2018: President Donald Trump restores sanctions on Iran
In 2015, the 2013 nuclear pact was expanded to the landmark Joint Comprehensive Plan of Action (JCPOA), in which Iran pledged to limit its uranium stockpile.
However, during Trump's first term of presidency in 2018, he fulfilled a campaign pledge by withdrawing the US from the JCPOA, which he called the 'worst deal ever'.
He restored the sanctions on Iran that had been lifted under the nuclear pact, and pursued a 'maximum pressure' strategy designed to drive the country’s oil exports to zero.
Then, in 2019, the US designated the Islamic Revolutionary Guard Corps, Iran’s most powerful military institution, a terrorist organisation.
2020s: President Joe Biden's administration arranges prisoner exchanges and sanctions waivers
When Joe Biden took office in 2021, his administration began indirect talks with Iran, but with little success.
But in 2023, a prisoner exchange deal was agreed to release five detainees. This also included a sanctions waiver for banks to transfer $6 billion of frozen Iranian funds from South Korea to Qatar for humanitarian purposes - something Republican lawmakers were highly critical of.
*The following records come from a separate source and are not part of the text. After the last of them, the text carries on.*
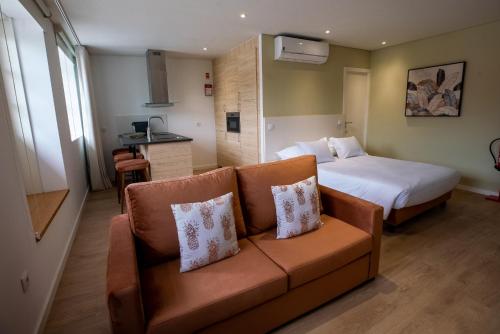 a hotel room with a bed and a couch and a kitchen at HAGAH Alojamentos in Guimarães
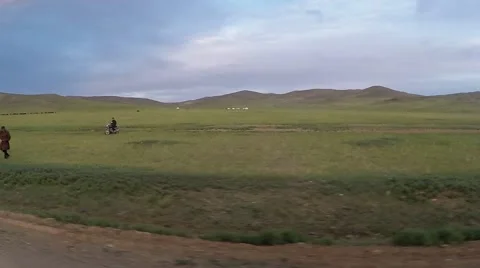 Movement Along Road in Steppe Past Standing People Stock Footage 62570655
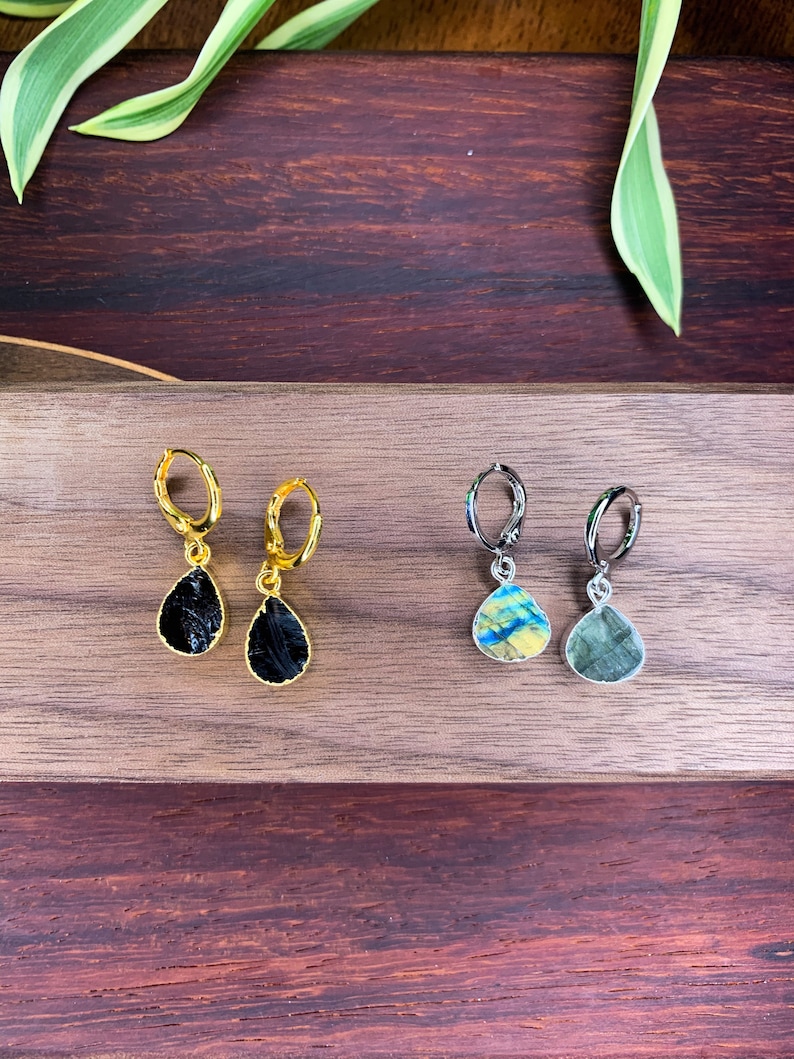 May include: Two pairs of drop earrings. The first pair features gold-tone hoops with black, teardrop-shaped stones. The second pair features silver-tone hoops with iridescent, teardrop-shaped stones displaying blue and yellow hues.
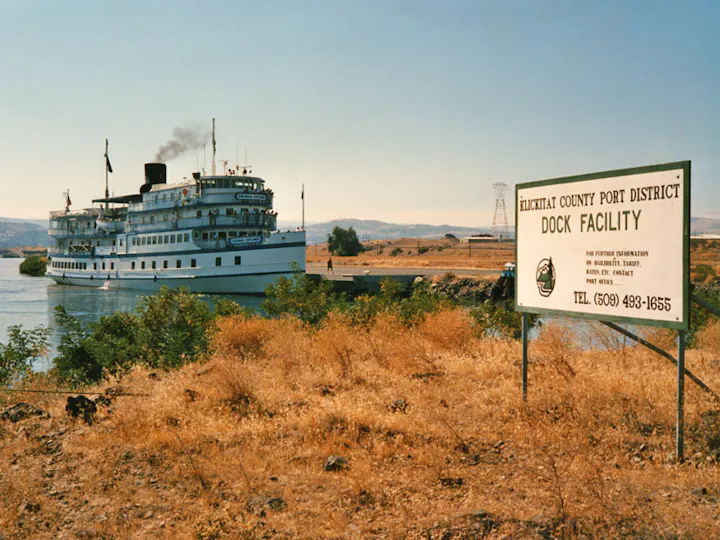 A large ship at Klickitat County Port District dock facility beside a dry, grassy area with a sign in the foreground.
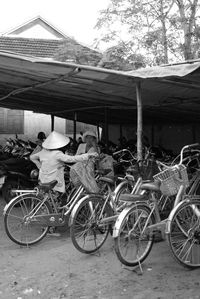 Bicycles parked against building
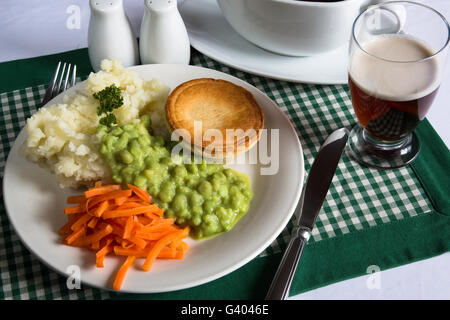 Un classico inglese tradizionale piatto di bistecche, torta di purè di patate, fiacco piselli e carote. Serviti con sugo di carne e un bicchiere di birra. Foto Stock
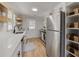 Bright kitchen featuring wooden shelves, stainless steel appliances, and ample counter space at 1786 Richard Ne Rd, Conyers, GA 30012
2025: President Donald Trump's second term brings back his 'maximum pressure' campaign
Back in office for his second term, Trump reinstated his 'maximum pressure' campaign ordering tougher enforcement of existing sanctions on Iran.
In early 2025, the US joined Israel's offensive and struck three Iranian nuclear facilities, resulting in a retaliation attack from Iran, which bombed the Al Udeid Air Base, a US military facility in Qatar.
2026: US military action is launched in Iran and Ali Hosseini Khamenei is assassinated
In late 2025, Iran was engulfed in anti-government demonstrations following the collapse of its currency. Protests demanded the end of Ali Hosseini Khamenei's rule, which resulted in authorities issuing crackdowns and restricting internet and telecommunications access.
The US-based Human Rights Activist News Agency said in a February report that more than 6,000 civilians had been killed, and more than 50,000 people arrested.
Khamenei died on February 28, aged 86, in a large-scale air attack on Iran by the US and Israel.